Некоторое время спустя из-за бетонных опор моста, плавно обходя перекат, выскакивала резвая голубая «казанка». Растягивая на всю ширь притихшей реки длиннющий шлейф кормовой волны, она за перекатом приметно сбавляла ход и по обмелевшему каменистому руслу начинала сворачивать к берегу. В «казанке» сидели двое — Юра Бартош, парень из соседней деревни, работавший в городе и наезжавший в знакомые места на рыбалку, и его городской друг Коломиец, с которым они приобрели в складчину эту голубую «казанку», оснащенную мощным современным двигателем.
Как и обычно, в тот вечер за рулем на корме сидел Коломиец, плотный крутоплечий человек с большими руками и тяжеловатым уверенным взглядом из-под длинного целлулоидного козырька надвинутой на лоб спортивной фуражки. Плавно сбавляя обороты «Вихря», он уверенно приближался к берегу, на котором уже заметил одинокую фигуру Петровича.

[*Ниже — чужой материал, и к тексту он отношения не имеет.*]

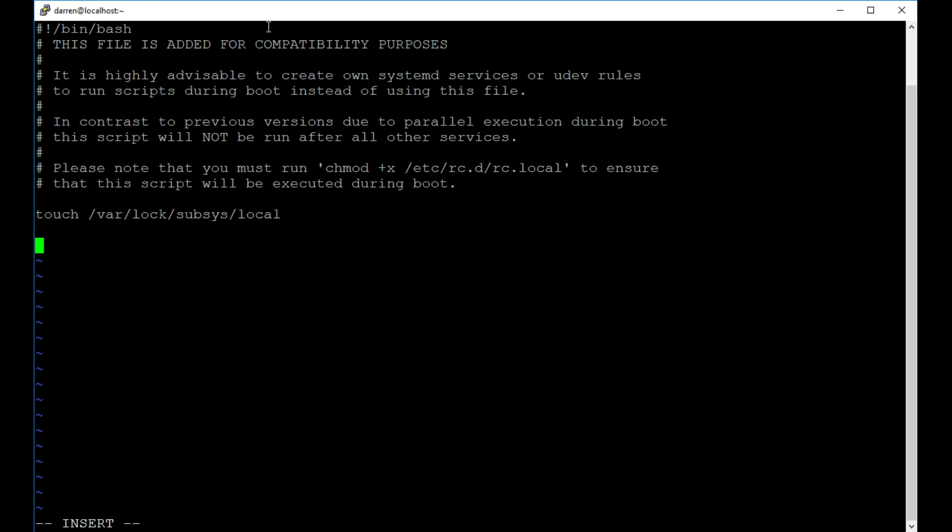So basically what I want to do here is I want to create my own little log. So I have a command on the clipboard I'm going to copy and paste in here now and I'll explain what I want it to do. So basically on startup it's going to run this command. It's going to say echo the computer booted up at and then it's going to print out the date and it's going to put that into a bootup.log that I can test.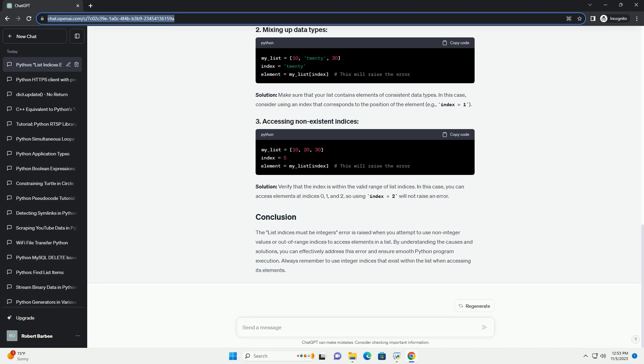By understanding the causes and solutions, you can effectively address this error and ensure smooth Python program execution. Always remember to use integer values that exist within the list when accessing its elements.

— А ну, подхвати! — заглушив мотор, крикнул он старику.
В наступившей над рекой тишине его басовитый голос прозвучал добродушной командой.
— Ну зачем? — привстал за ветровым стеклом Юра. — Я сам.
Он проворно перебросил через стекло свое загорелое, длинное, очень худое тело, легко спрыгнул на отмель, и они вместе с Петровичем между камней втащили на берег дюралевый нос лодки. Затем, пока Коломиец опрокидывал и зачехлял мотор, Юра в подкатанном до колен синем трико выгружал из лодки рюкзаки, донки, плащи, а старик, как незнакомый, безучастно стоял в стороне и пристально глядел через реку на тот ее берег, словно рассматривал там что-то необычайно важное. Он сосредоточенно, почти отчужденно молчал, и они, занятые своим делом, не обращали на него внимания. Они уже знали, что теперь он до сумерек будет стоять так, уставясь взглядом в то место на берегу, где, выбежав из молодого соснячка, обрывалась, словно уходя под воду, песчаная лента дороги и где теперь раскачивались на поднятых «казанкой» волнах две примкнутые к бревну плоскодонки. Там был лесной перевоз, но людей почти никогда не было видно, лодками, кроме лесников, видать, редко кто пользовался.
Когда нехитрое рыбачье снаряжение было выгружено на берег, Коломиец сразу же, пока еще не стемнело, занялся донками, а Юра, поеживаясь от речной свежести, торопливо натянул на себя синий свитер.
— Как с сушнячком сегодня, Петрович?
Старик не сразу оторвал от противоположного берега свои блеклые, слезящиеся глаза и скрюченными ревматическими пальцами больших работящих рук задумчиво прошелся по ровному ряду пуговиц, соединявших лоснившиеся борта заношенного военного кителя.
— Мало хвороста. Подобрали… Вот вязаночку маленькую принес…
Обтягивая свитер, Юра по камням взбежал на обрыв, оценивающим взглядом окинул тощую, перехваченную старой веревкой, вязанку хвороста.
— Да, маловато.
— Я так думаю, с вечера жечь не надо, — медленно, с усилием взбираясь за ним на обрыв, тихо заговорил старик. — Под утро лучше. С вечера люди всюду, помогут… А как под утро поснут, кто поможет?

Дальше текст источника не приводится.